Work instruction:
For the entries presented below, indicate the number of lines that include the word "your", adding nothing else.

Available records:

══════════

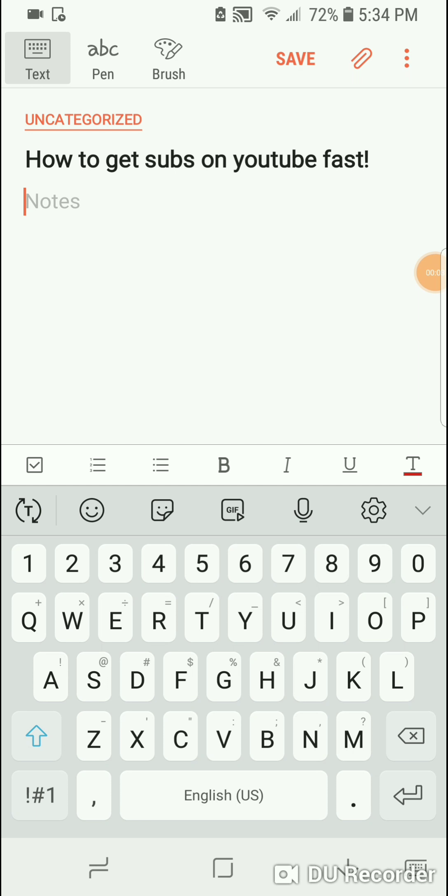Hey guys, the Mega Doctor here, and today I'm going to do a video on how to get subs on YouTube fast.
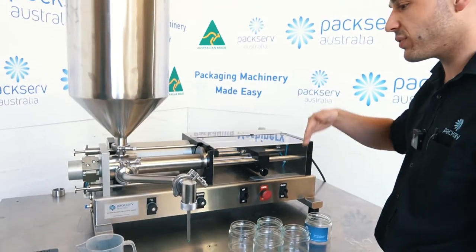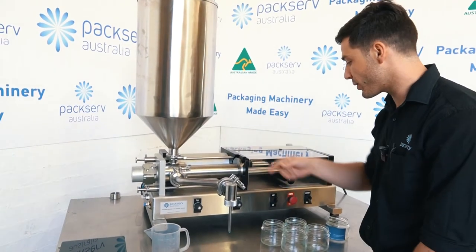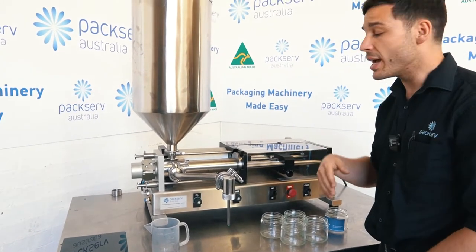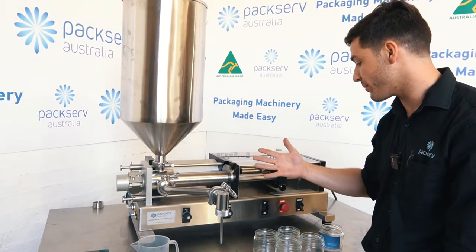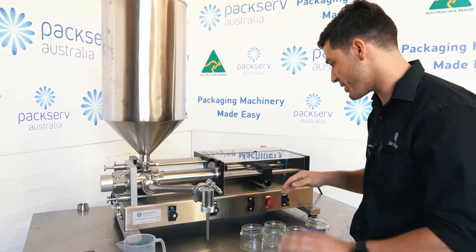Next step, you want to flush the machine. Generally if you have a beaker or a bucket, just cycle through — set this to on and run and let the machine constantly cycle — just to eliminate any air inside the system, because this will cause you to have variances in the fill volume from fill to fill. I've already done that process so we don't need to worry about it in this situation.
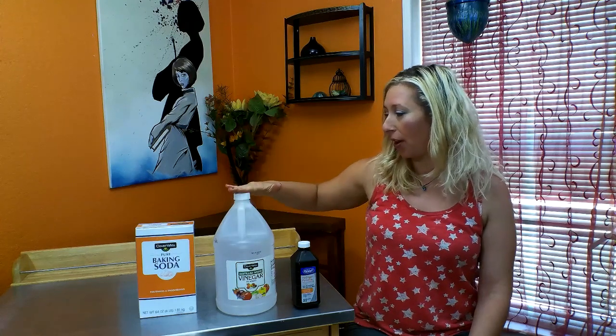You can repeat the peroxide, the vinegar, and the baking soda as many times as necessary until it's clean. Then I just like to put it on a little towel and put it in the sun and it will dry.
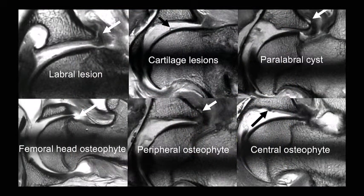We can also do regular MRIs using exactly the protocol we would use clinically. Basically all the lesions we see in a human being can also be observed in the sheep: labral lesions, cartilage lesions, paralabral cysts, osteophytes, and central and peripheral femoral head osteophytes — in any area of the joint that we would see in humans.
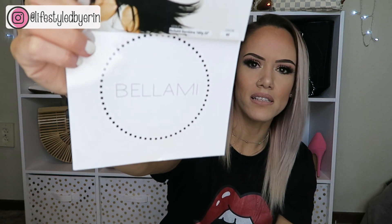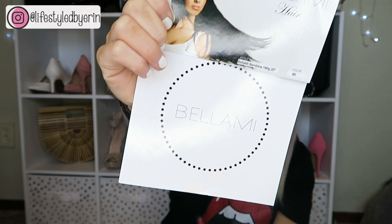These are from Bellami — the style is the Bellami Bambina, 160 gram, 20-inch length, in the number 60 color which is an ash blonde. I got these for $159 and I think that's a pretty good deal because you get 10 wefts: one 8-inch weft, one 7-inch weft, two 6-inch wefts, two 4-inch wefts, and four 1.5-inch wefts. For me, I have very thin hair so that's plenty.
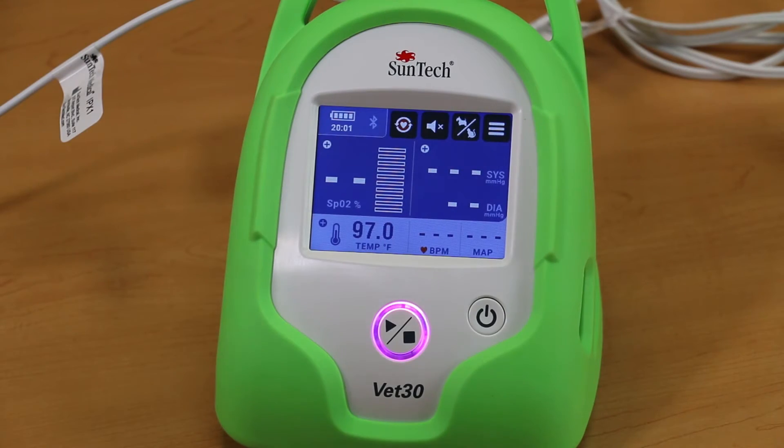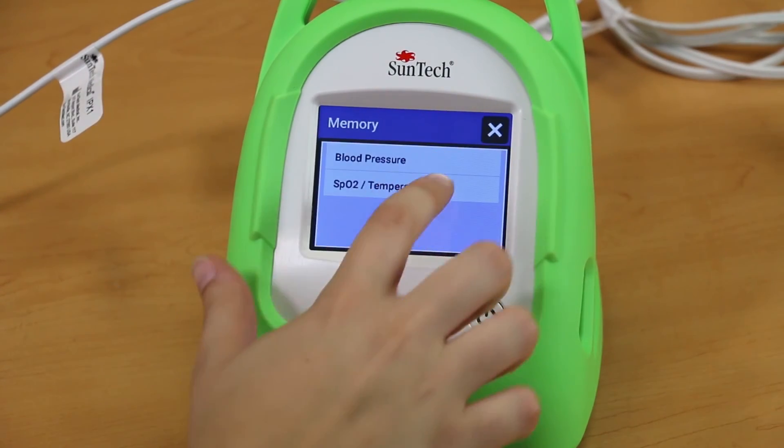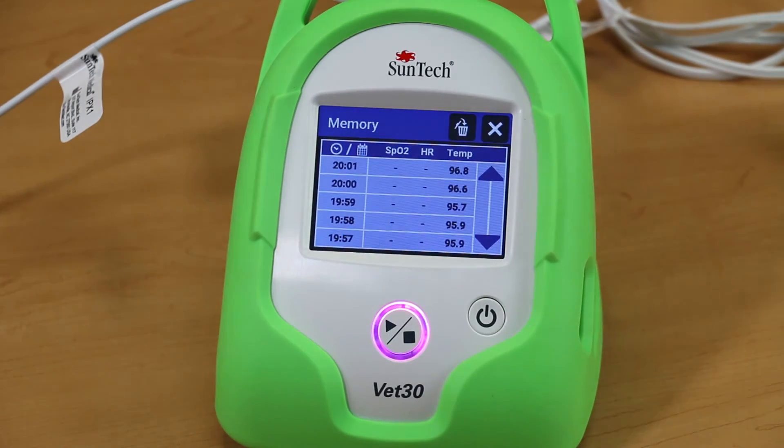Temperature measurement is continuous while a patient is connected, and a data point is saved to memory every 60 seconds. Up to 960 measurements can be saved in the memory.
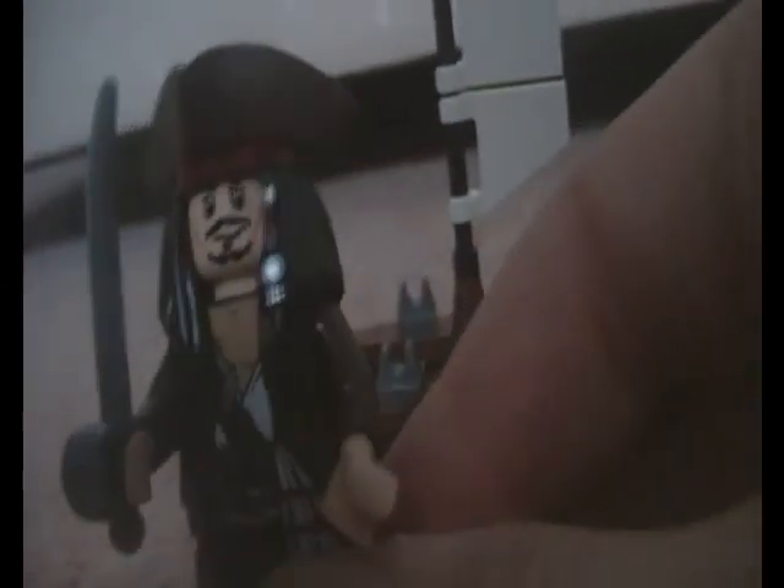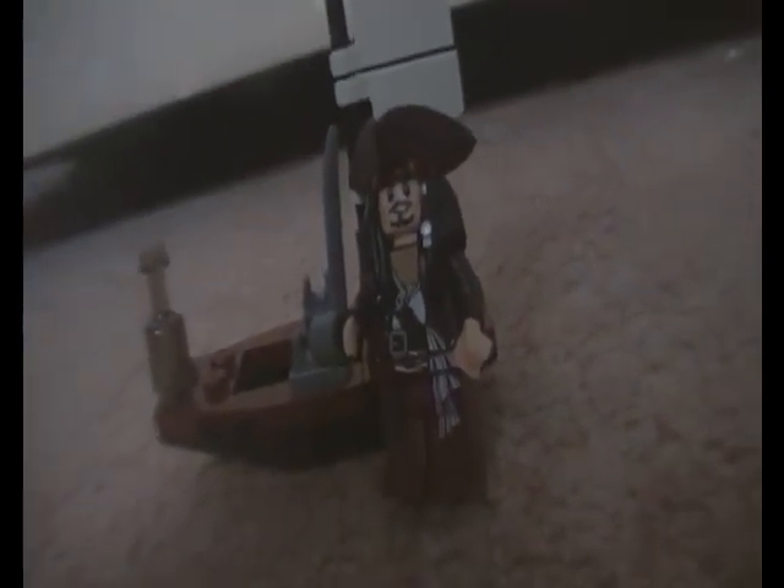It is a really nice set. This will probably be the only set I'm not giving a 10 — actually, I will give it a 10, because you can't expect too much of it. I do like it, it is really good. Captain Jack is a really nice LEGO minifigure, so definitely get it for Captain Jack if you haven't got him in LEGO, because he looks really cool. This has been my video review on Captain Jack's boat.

══════════

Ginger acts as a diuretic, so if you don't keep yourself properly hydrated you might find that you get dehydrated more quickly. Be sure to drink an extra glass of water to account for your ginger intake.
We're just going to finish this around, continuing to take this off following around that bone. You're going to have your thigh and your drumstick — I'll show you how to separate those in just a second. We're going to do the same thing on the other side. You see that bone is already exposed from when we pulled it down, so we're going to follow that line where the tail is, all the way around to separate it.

══════════

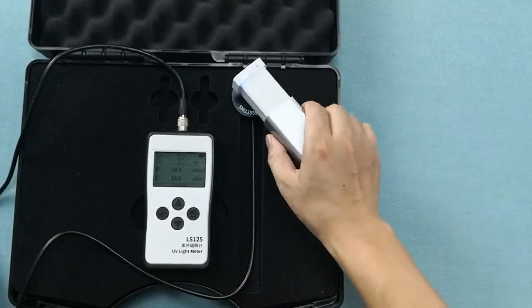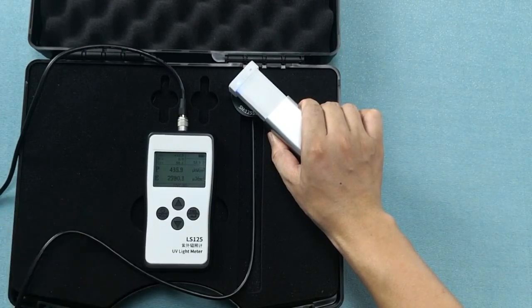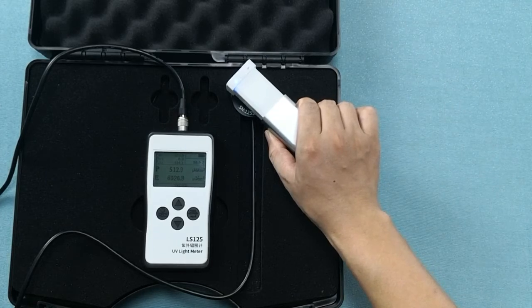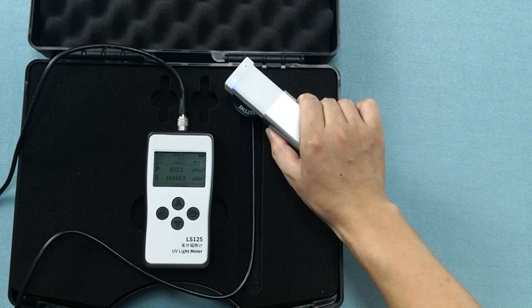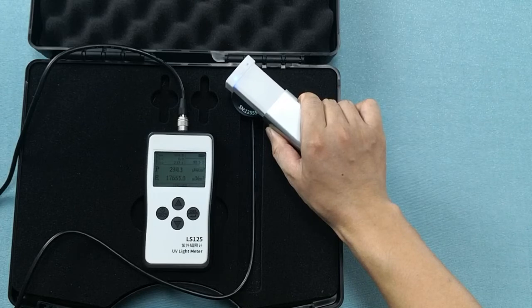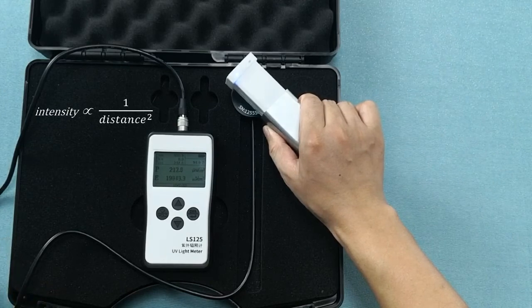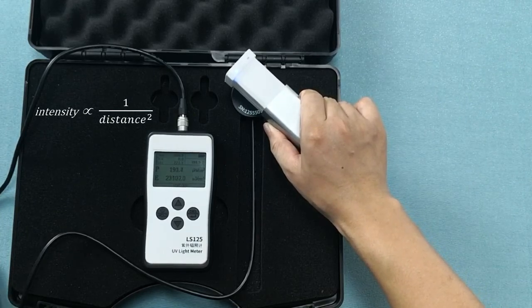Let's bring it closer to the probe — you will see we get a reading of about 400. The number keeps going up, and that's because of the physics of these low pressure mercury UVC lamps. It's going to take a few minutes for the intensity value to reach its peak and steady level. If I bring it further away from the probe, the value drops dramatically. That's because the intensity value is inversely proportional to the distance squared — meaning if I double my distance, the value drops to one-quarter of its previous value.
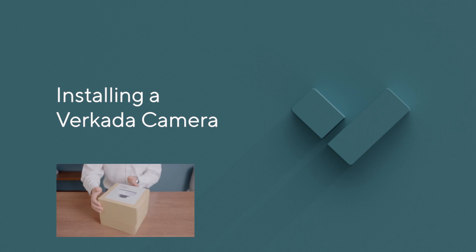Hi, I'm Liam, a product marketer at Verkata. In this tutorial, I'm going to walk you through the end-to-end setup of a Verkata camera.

══════════

Output of the task:
2